What has changed? The answer is all around us — and in our pockets. In our mobile-first, digital age, people entrust companies with enormous amounts of personal data. That data can be used to help and empower people, but it can also be used to harm them.
For any business, the first step towards promoting social good is doing right by their customers. And to know what “doing right” means, you must first understand your target customers. The most important thing is to put the customer at the centre of all business processes.
In a recent survey of 350 different financial technology companies, we found more than 80 were making strategic decisions – from the time they launch – to align their revenue models with positive financial health outcomes for consumers. They are moving towards making their value clearer to consumers, so their fees are fair; and from ad-supported models to more carefully curated partner “advising” intended to truly benefit consumers.
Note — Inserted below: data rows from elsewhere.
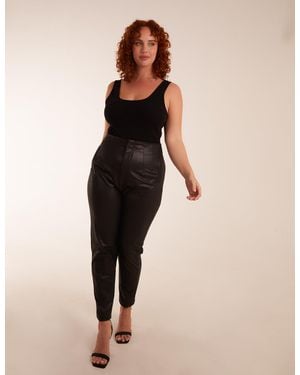 Blue Vanilla Curve Matte Faux Leather Tailored Trousers - Natural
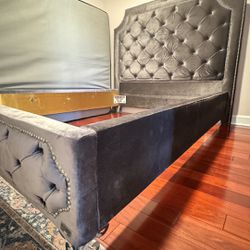 Beautiful Italian Velvet Bed-frame With Box Spring 
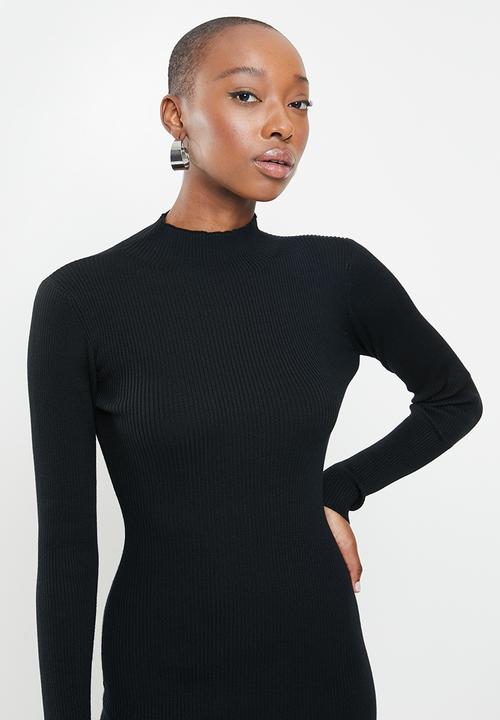 Missguided - High neck ribbed mini dress - black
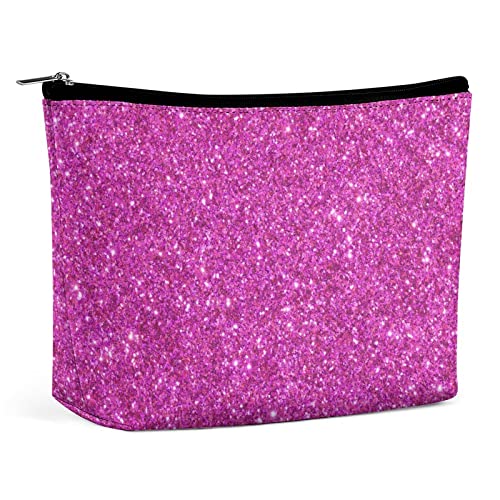 Make-up-Tasche, 3D-Bling-Glitzer, PU-Leder, wasserdichte Kosmetiktasche für Geldbörse/Make-up-Tasche/Kulturbeutel, lila, glänzend, tragbare Reise-Make-up-Tasche für Frauen von FWJZDSP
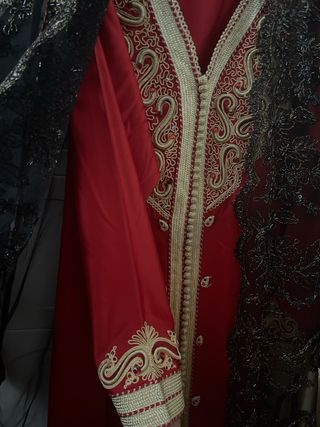 Kaftan  Roja y Negra Talla Única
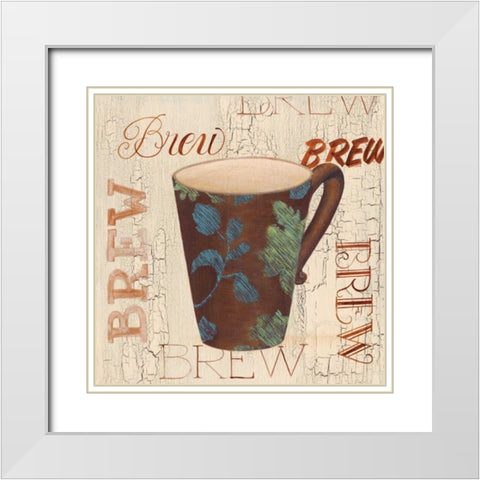 Morning Coffee IV White Modern Wood Framed Art Print with Double Matting by Smith, Pamela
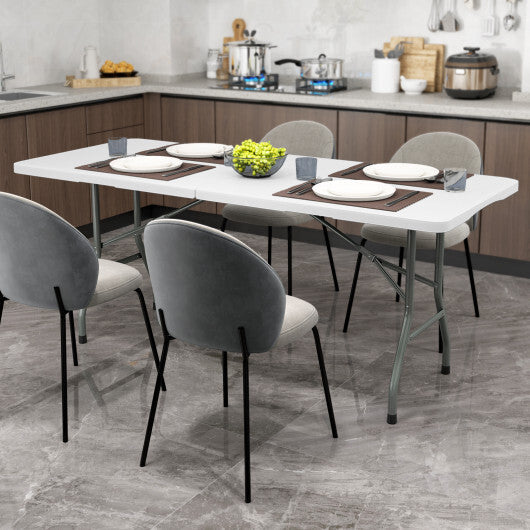 6 ft Portable Folding Table 350 LBS Fold-in-Half Table with HDPE Tabletop-White - Color: White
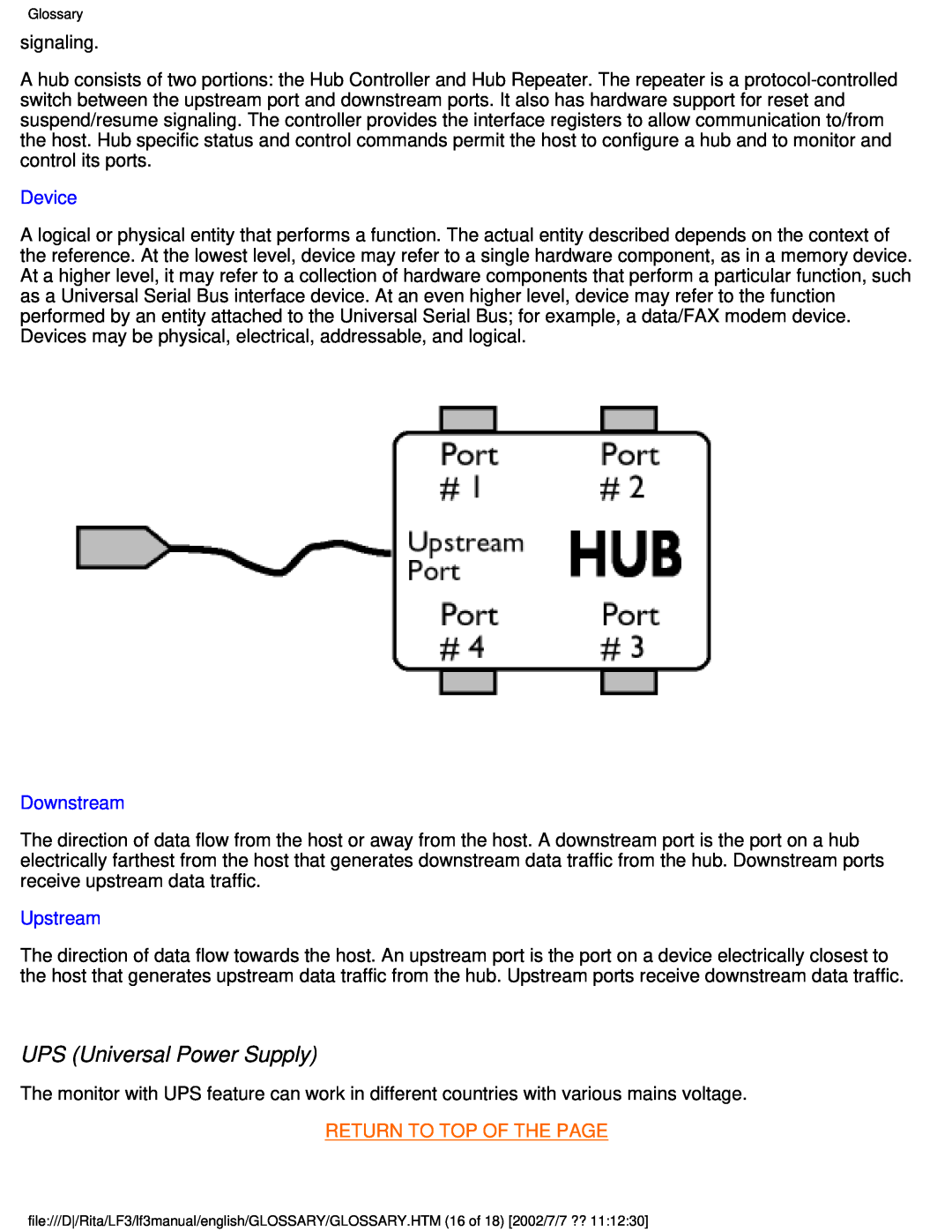 Philips 107T41 user manual UPS Universal Power Supply, Device, Downstream, Upstream, Return To Top Of The Page 
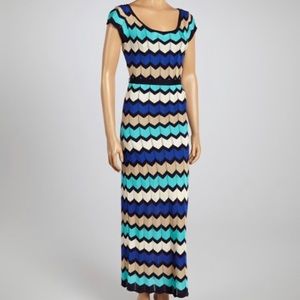 Chevron Blue Knit Maxi Dress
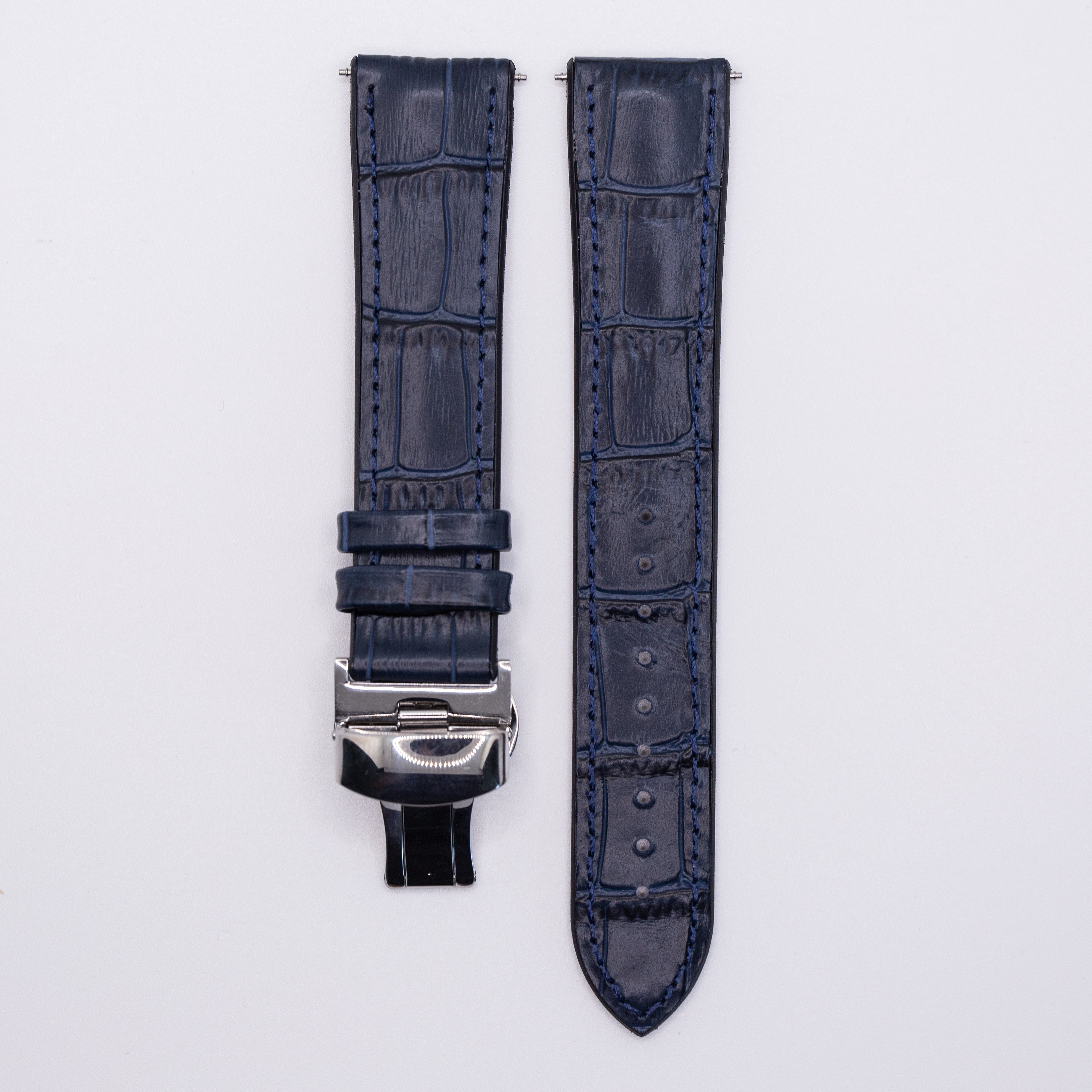 Speedmaster Italian Leather Watch Strap Blue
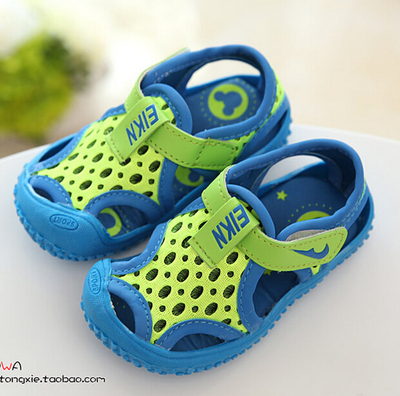 2015夏季新款男宝宝凉鞋包头1-2-3岁半男小童镂空网面运动鞋包邮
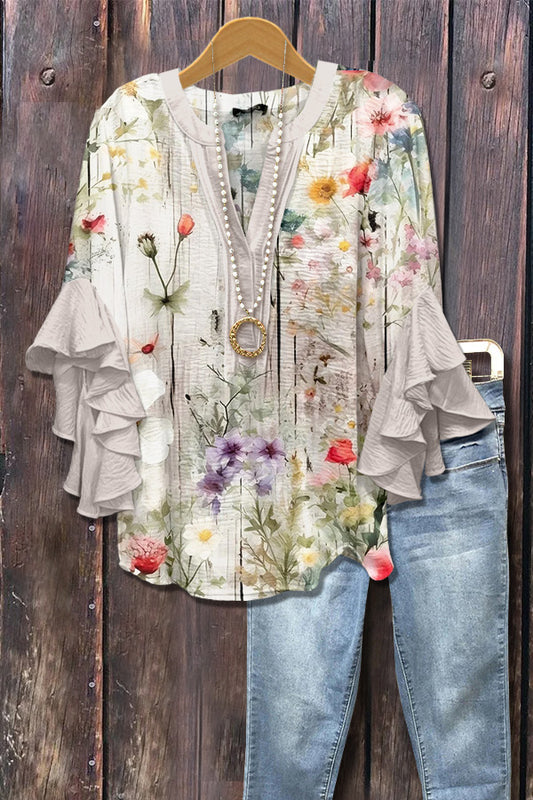 Elegant Floral Print Ruffle Sleeve Top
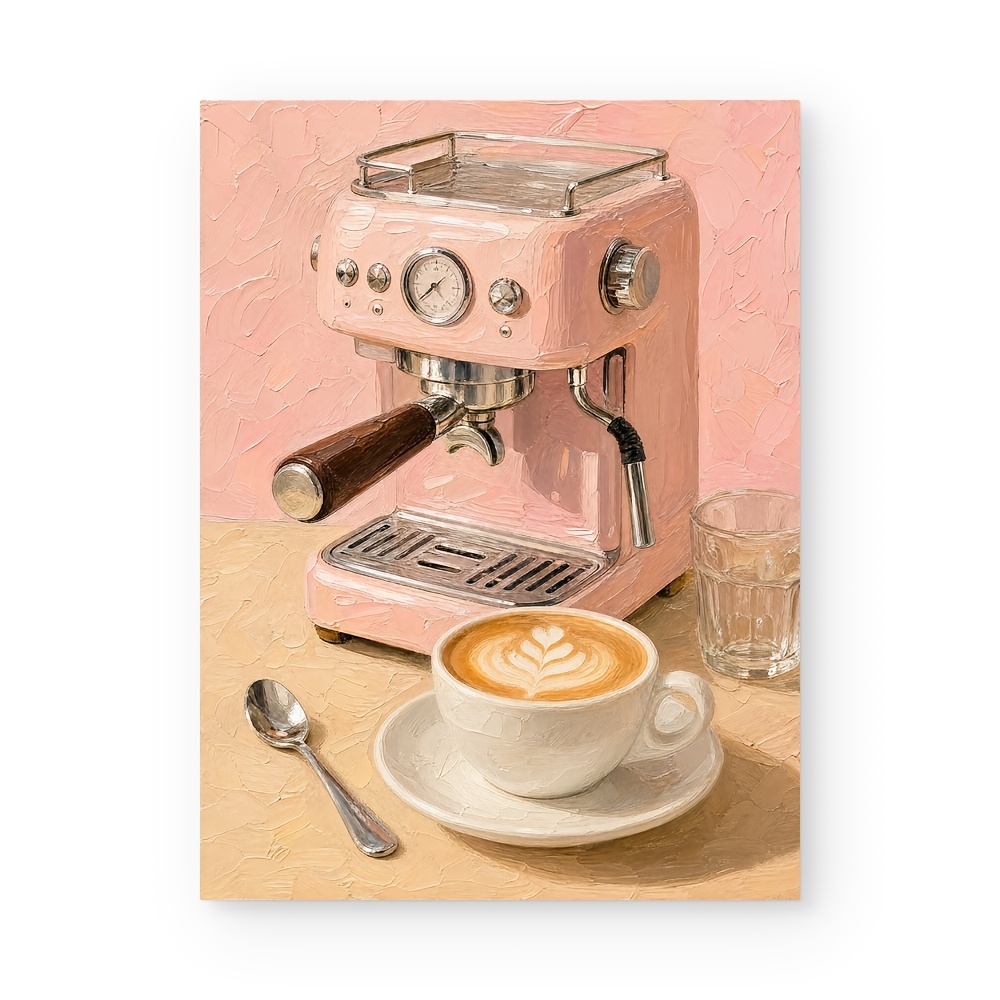TEMU 2d Flat, Coffee-themed Canvas Suitable Decor - Vintage Espresso Machine & Latte Art, Hd Vertical Wall Chart For Lovers, Housewarming Gift For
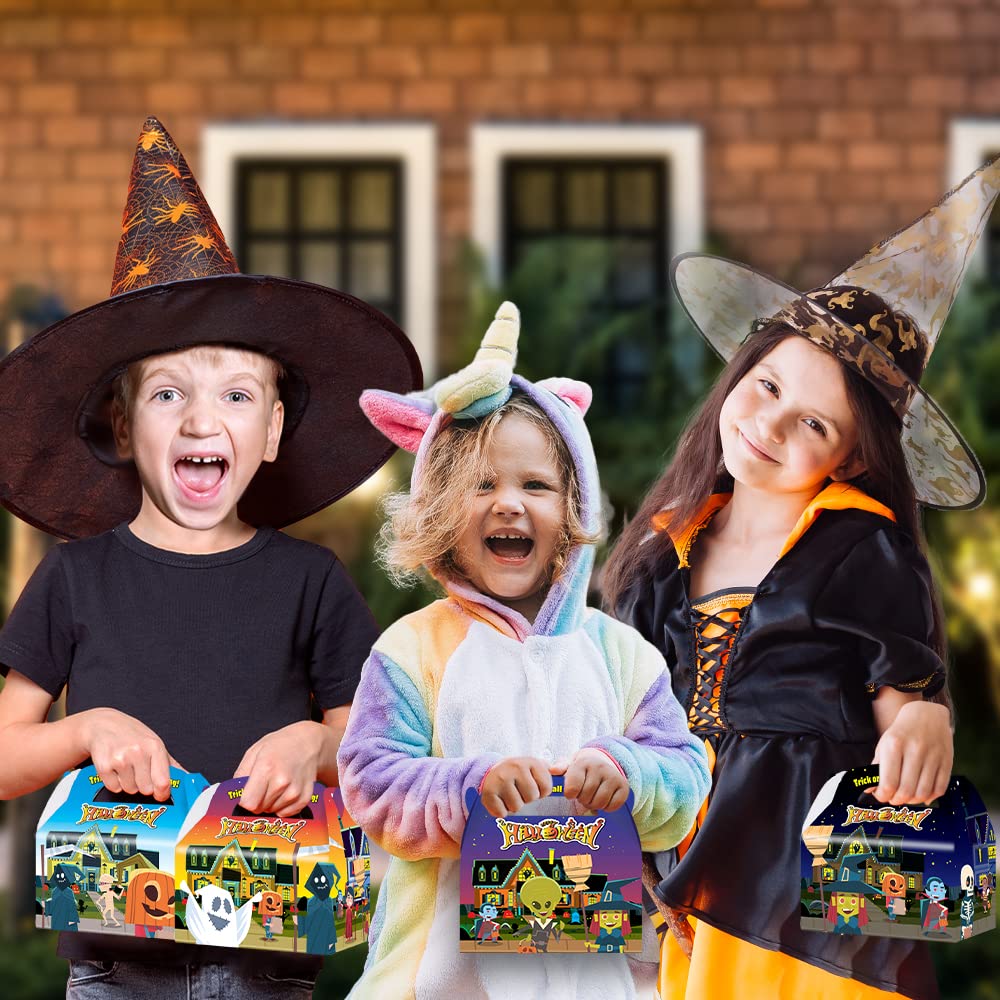 ArtCreativity Halloween Treat Boxes, Set of 12, Cardboard Candy Treat Bags with Carry Handles, Trick or Treat Supplies, Party Favors Halloween Candy Box for Sweets, Toys, Gifts, and More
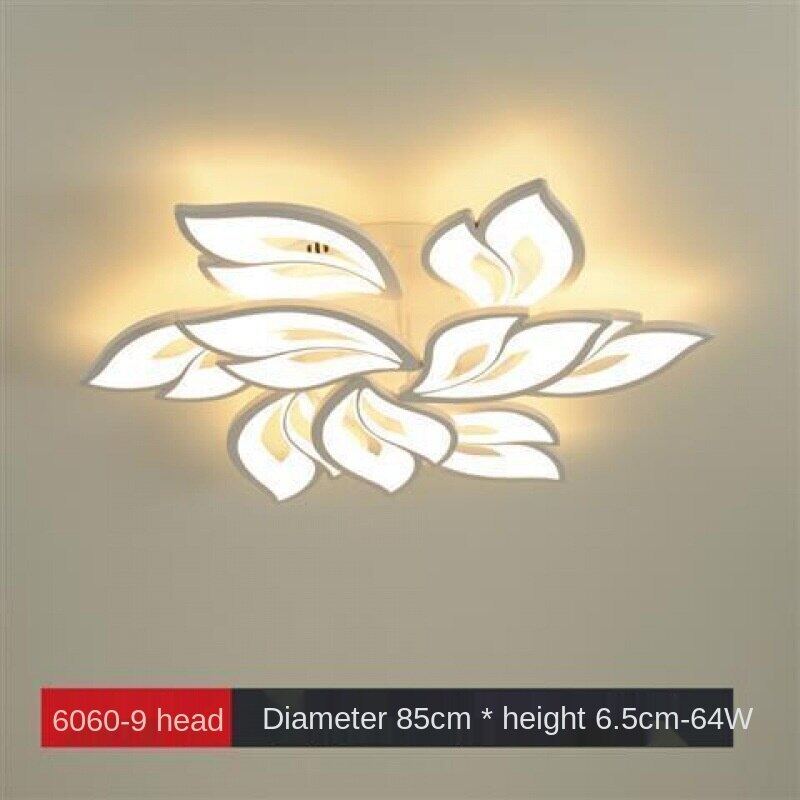 HEIKESZ Modern LED Ceiling Light for Living Room Bedroom Simple Atmosphere Warm Lighting Petal Chandelier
You do not have to look far beyond your core business to create a positive impact and attract like-minded customers. For example, Tom’s is a shoe company that donates a pair of shoes whenever a consumer buys a pair. Patagonia is an outdoors company that foregrounds its sustainability practices and conservation advocacy. In financial services, Aspiration attracts customers interested in sustainable investing and offer a “pay-what-is-fair” account.
For tech companies, that means using technology purposefully. Silicon Valley has been defined by the ethos “move fast and break things,” but we see the mindset slowly shifting to “move purposefully and fix things.” The idea is that entrepreneurs must start by trying to solve a real problem and build in consumer safety features from the outset.
Pula, for example, is an all-digital crop insurance provider for smallholder farmers in Africa. It uses real-time satellite imaging to measure rainfall during the planting season and make rapid digital payments if weather fails, so that farmers can replant seedlings still in the same season. Scripbox is a digital brokerage for first-time investors in India, with costs so low, savers can open an account with a minimum balance of less than $10.
In the United States, Propel, through its FreshEBT app, helps food stamp recipients check their balances, get discount offers, and better manage their benefits from anywhere, at any time. The product is designed around solving a real pain point for their customers: getting to the supermarket checkout without knowing if you'll have enough money to cover the groceries bill. This relentless focus on making their customers better off brings more than 1.5 million users to the app every month.
Investors are more and more interested in backing entrepreneurs who have built purpose and value into their business. The rationale is that if you put consumers first from the get-go, you will stay on track and succeed. If you try to introduce alignment with what is good for your customer later, after your business is already moving in the wrong direction and at high speed, it will be extremely difficult to correct your course.
But if you solve a real problem in people’s lives, and do amazing things with technology, the rest will take care of itself. Those are the businesses of the future.